* **TO DO**: Only the lines below from the one containing "IP30 0PS map" through the one containing "Canada, K.-W. Mutual" belong in the answer, set down exactly, with the pictures left out.
═══ DATASET EXTRACT ═══
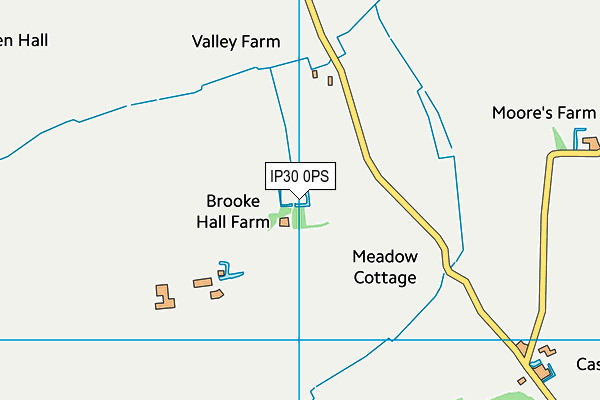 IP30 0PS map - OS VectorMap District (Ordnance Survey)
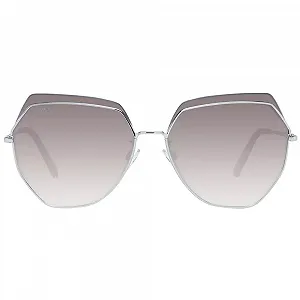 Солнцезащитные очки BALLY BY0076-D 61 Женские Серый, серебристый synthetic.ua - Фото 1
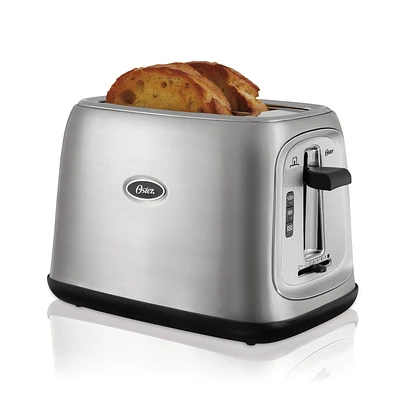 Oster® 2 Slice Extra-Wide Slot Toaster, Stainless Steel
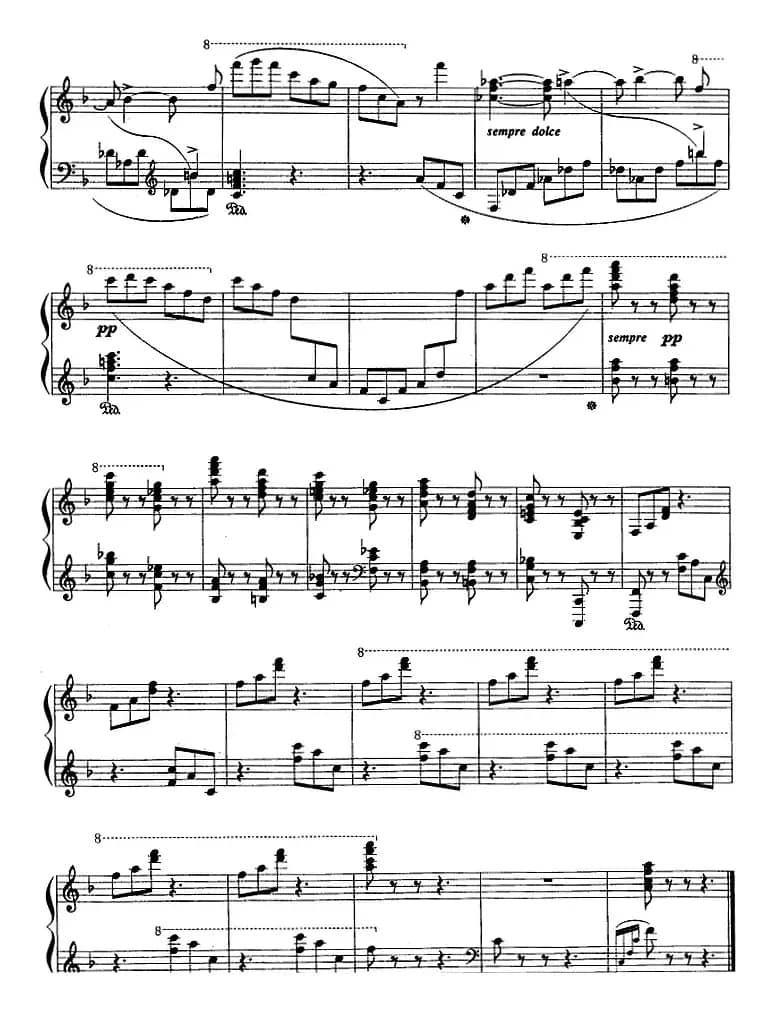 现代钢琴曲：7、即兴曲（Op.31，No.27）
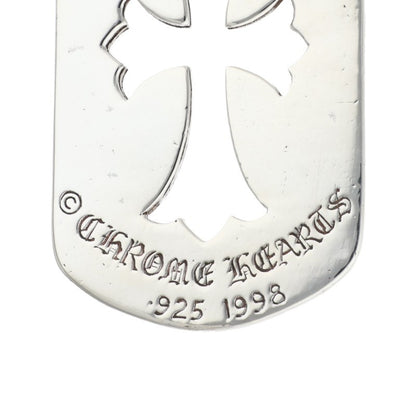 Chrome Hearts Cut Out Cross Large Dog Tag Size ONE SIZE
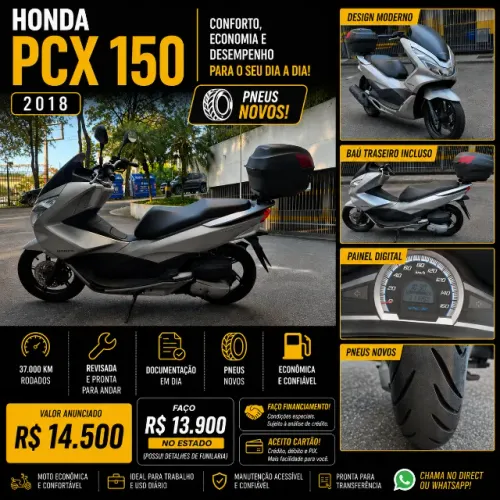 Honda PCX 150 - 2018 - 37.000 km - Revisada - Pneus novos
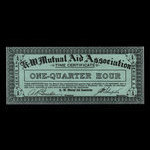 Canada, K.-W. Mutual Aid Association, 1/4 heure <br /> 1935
═══
═══ DATASET EXTRACT ═══
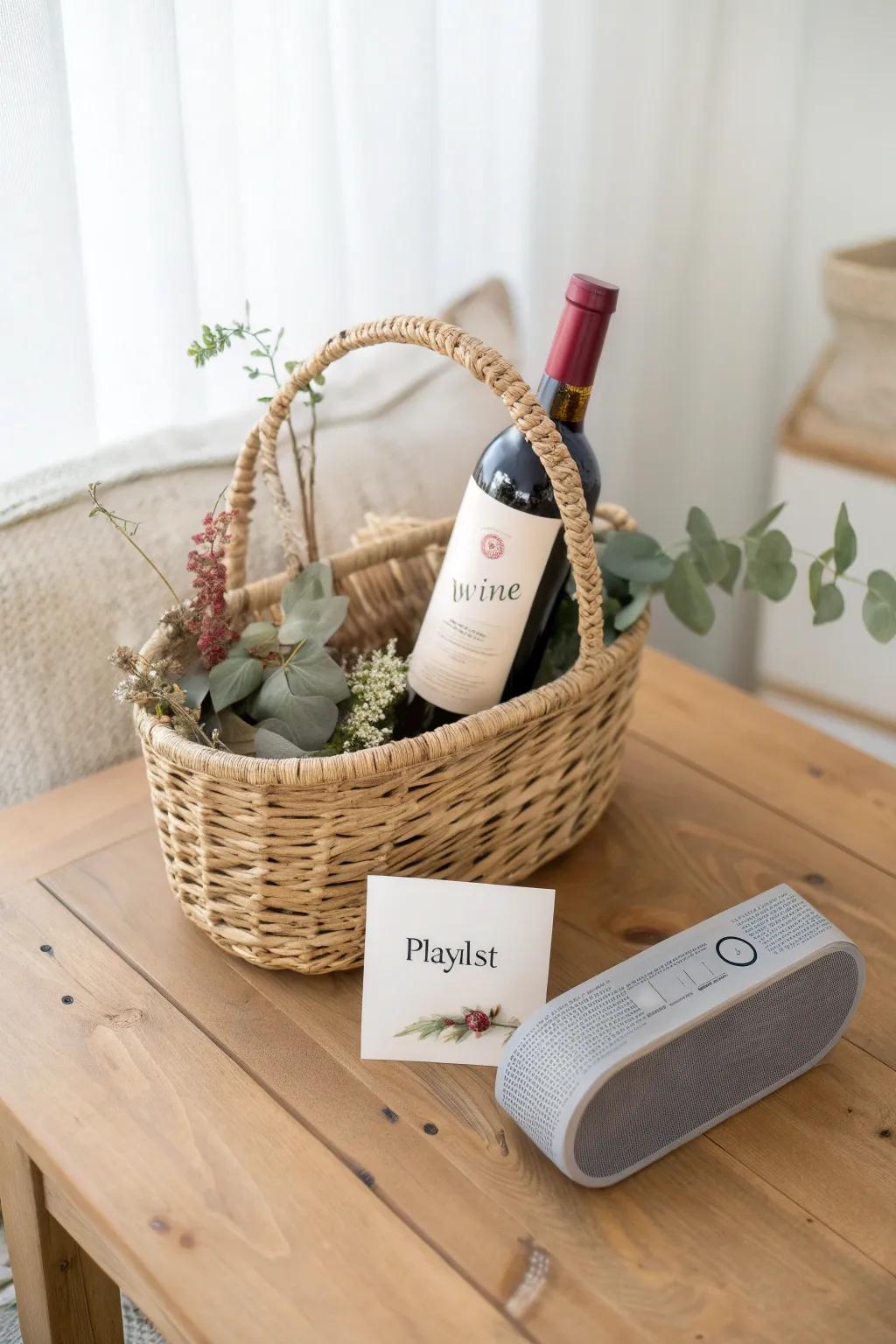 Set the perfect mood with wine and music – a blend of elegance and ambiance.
═══
* **SOLUTION TO THIS PROBLEM**:
 IP30 0PS map - OS VectorMap District (Ordnance Survey)
 Солнцезащитные очки BALLY BY0076-D 61 Женские Серый, серебристый synthetic.ua - Фото 1
 Oster® 2 Slice Extra-Wide Slot Toaster, Stainless Steel
 现代钢琴曲：7、即兴曲（Op.31，No.27）
 Chrome Hearts Cut Out Cross Large Dog Tag Size ONE SIZE
 Honda PCX 150 - 2018 - 37.000 km - Revisada - Pneus novos
 Canada, K.-W. Mutual Aid Association, 1/4 heure <br /> 1935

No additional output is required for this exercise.